Allan R. Andrews
American Reporter Correspondent
Washington, D.C.
GRAND RAPIDS, Mich. -- A good part of our summer vacation
was devoted
to America's interstate highway system. Driving this network,
one can't help being impressed with the number of frighteningly
large and powerful trucks that daily travel its routes.
America moves largely by truck; that is, it moves its cargo by
truck. Many leisurely drivers and railroad buffs may not like
it, but the U.S. Interstate Highway system was built for truckers.
Nothing as extensive and convenient exists anywhere else in the
world.
Most of the products we purchase for daily life, including the
automobiles we drive, were delivered to their points of sale by
truck.
Despite the anxiety engendered on the highway by these formidable
giants as they race and roar around us along the interstates,
each time we eat an apple, brush our teeth or drive to market
we ought to thank a trucker.
Such seeming mundane events provided me with meaningful contemplation
during our vacation.
One night during this vacation, I stared into a campfire.
Aside from its allure as a flame for roasting marshmallows or
for providing heat on a chill summer night, campfires encourage
reflection.
Is it the flighty elusiveness of the cinders that sail to dust,
the glow of the final embers, the changing forms and figures of
the consumed wood that drive us into contemplation? Is it the
inherent threat to all material things that fire represents?

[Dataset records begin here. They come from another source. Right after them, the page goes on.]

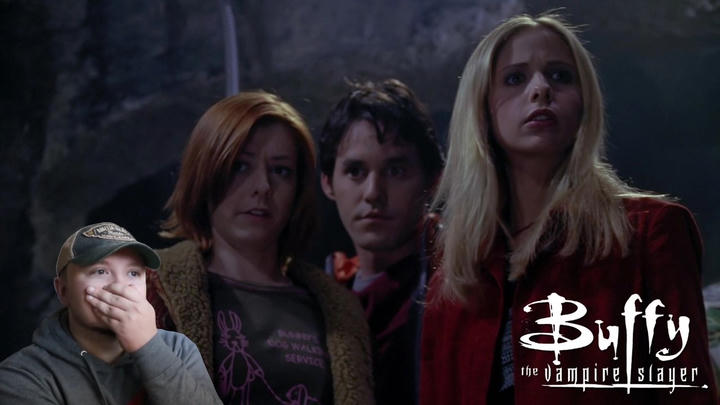 Buffy the Vampire Slayer S4E11 ‘Doomed’ REACTION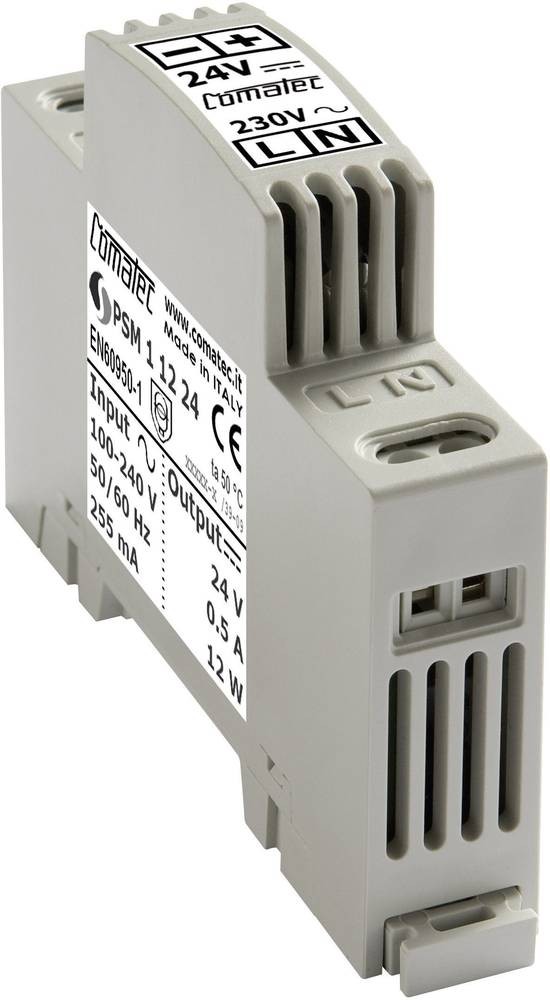 Comatec PSM1/12.24 Hutschienen-Netzteil (DIN-Rail) 24 V/DC 0.5A 12W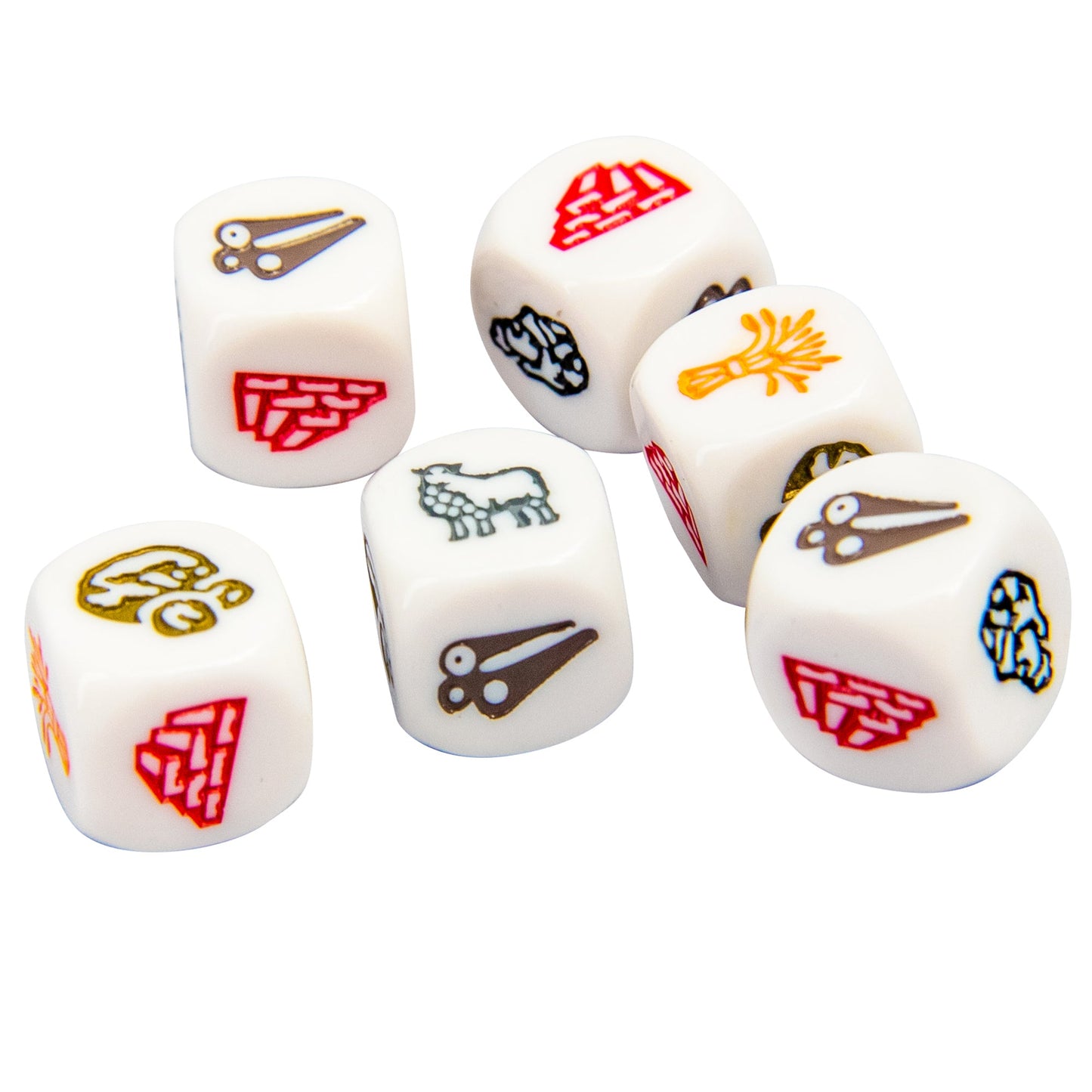 CATAN Dice Game - Trò chơi xúc xắc chiến thuật - Catan Studio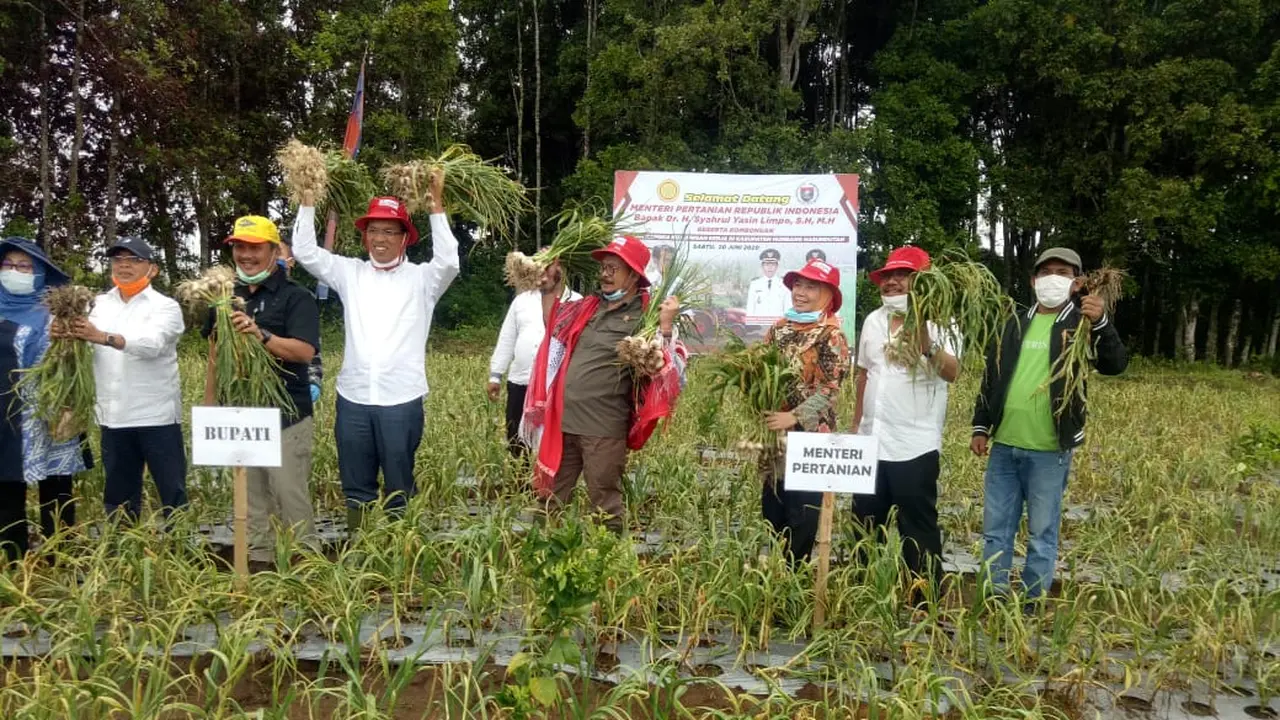 Menteri Pertanian (Mentan) Republik Indonesia, Syahrul Yasin Limpo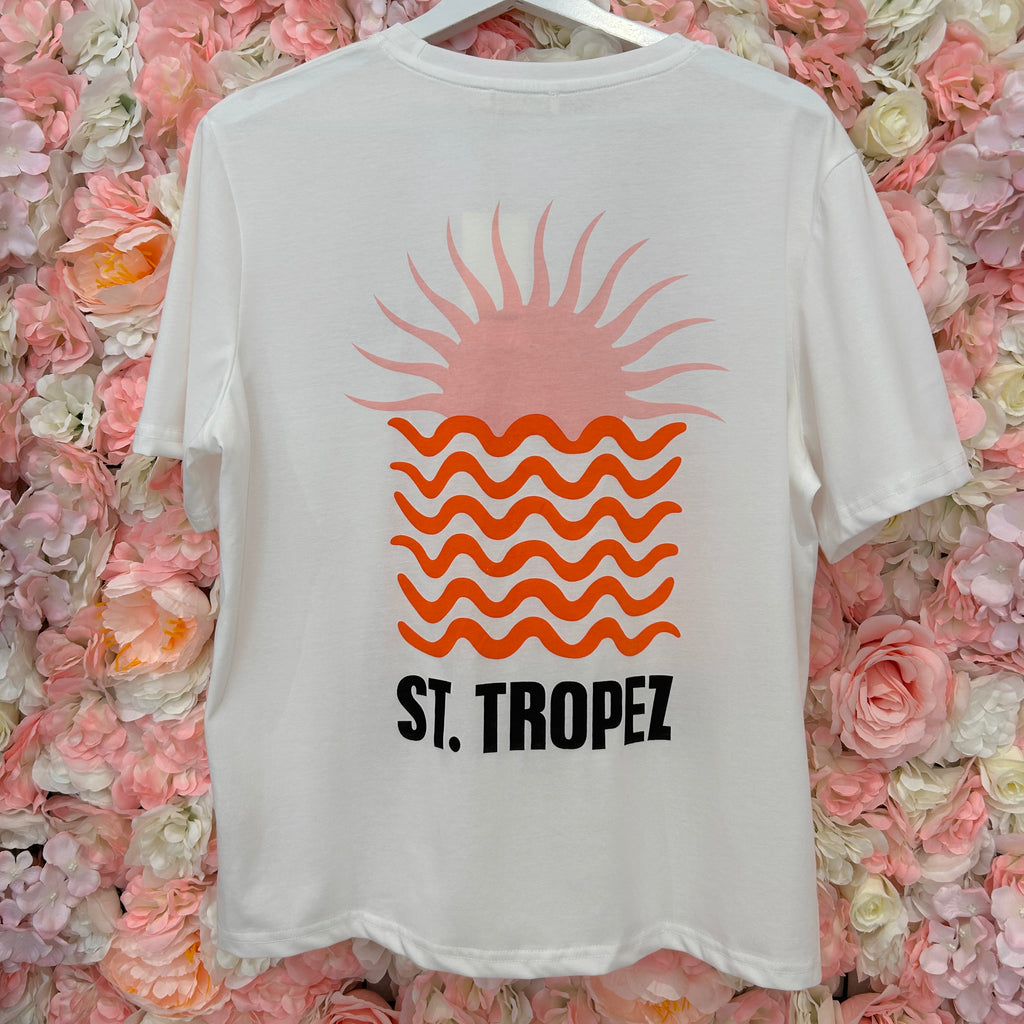 Tee-shirt St-Trop'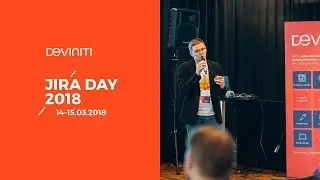 Jira Day 2018: Introduction to the Universe of Atlassian Software - Piotr Mazij, Deviniti (+ SUBS)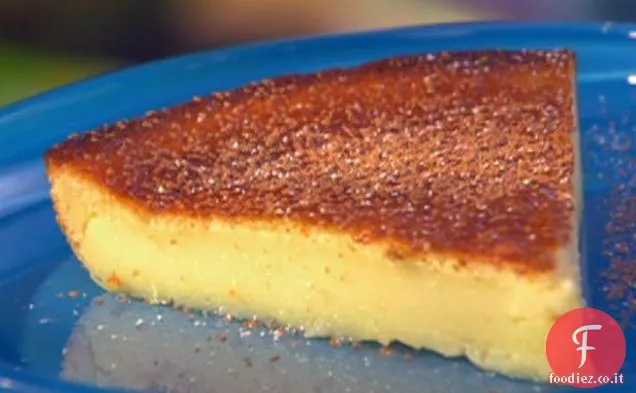 La torta al latticello impossibile di Anita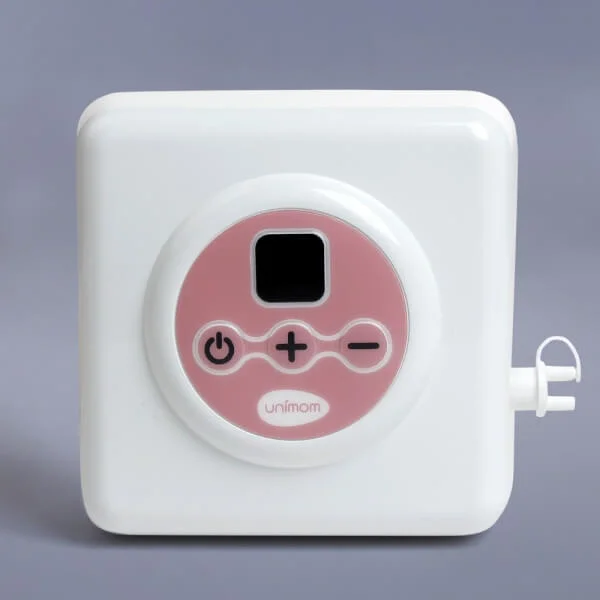 Máy hút sữa điện đôi có pin sạc Premium Allegro Unimom UM872002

All these images appear to mimic our lives in their passage of
time. We are burning up, literally, as our metabolic engines wax
and wane.
When the campfire slows to embers and to gray ashes, we're reminded
of our finitude. Is there any wonder campfires are staples of
religious retreats?
On another night, the family slept through a violent thunderstorm
along the shores of Lake Michigan. My 6-year-old slept through
the loud and violent pyrotechnic exhibit of nature. My 9-year-old
woke up, frightened. The storm could be compared to a battlefield
bombardment.
Just a few weeks earlier, we'd been told, a storm with
winds up to 135 mph sliced through the property, uprooting half-dozen
aged trees. The clean-up crew counted 169 rings in one of the
fallen trees. Nature acts with life-threatening force.
The houses were undamaged, but the tale added to the anxiety my
son felt. Comforting him forced me into reflection on these daily
threats of life.
During our week of leisure, I purchased a copy of USA Today. I
rarely pay much attention to its colorful weather map on the back
of its "A" section, but this day it drew my eye and
mind with its nearly monochromatic redness. The entire United
States was printed in deep, hot crimson or burning bright orange,
indicating the two highest categories of temperature on the map's
key.
That map quickly and dramatically told us the nation sat in the
grip of a heat wave that eventually would claim upward of 120
lives.
My family swam that day in Lake Michigan where the water temperature
was recorded at 81 degrees. Local residents told us they'd never
known the lake to be so warm.
Reading that temperatures around Washington, D.C., ranged
in the high nineties and that Texas was entering its fourth week
of daily temperatures above 100 made me reflect on our fortunate
timing for vacation.
We drove behind a friend's car on a dirt road when a fawn bounded
in front of our caravan and stopped at the edge of the woods.
We halted and stared. The young deer stood behind its mother's
flank. The mother resolutely stared at our two-car entourage.
For several minutes it became apparent this mother would not flinch
in the face of danger. She stared down the invaders.
In one flash, the fawn dashed into the underbrush, but the doe
stood her ground. Only after we eased our brakes and slowly rolled
away did the mother turn and dart after her child.
For me, the encounter was a lesson in courageous parenting.
It's a lesson I needed in a week of big rigs, fires, thunderstorms
and heat waves. It was an even bigger lesson in the demand for
contemplation in our modern lives.
We often view summer vacation as a reprieve from the meaningful
quests of our lives, but this week with friends in Michigan impressed
me with the heavy load of meaning that even our days of leisure
can transport.
All those teacher-assigned essays on "My Summer Vacation"
might seem less burdensome if writers were challenged to dig for
meaning in the mundane moments of leisure rather than simply narrating
the events they deem as "fun" or "entertaining."
Meaning demands reflection on the events.
As my summer vacation ends, I'm asking myself if we journalists
shouldn't also challenge ourselves to more reflection on the events
of the day. We've become masters of narration, but we remain minor
players in humanity's search for meaning.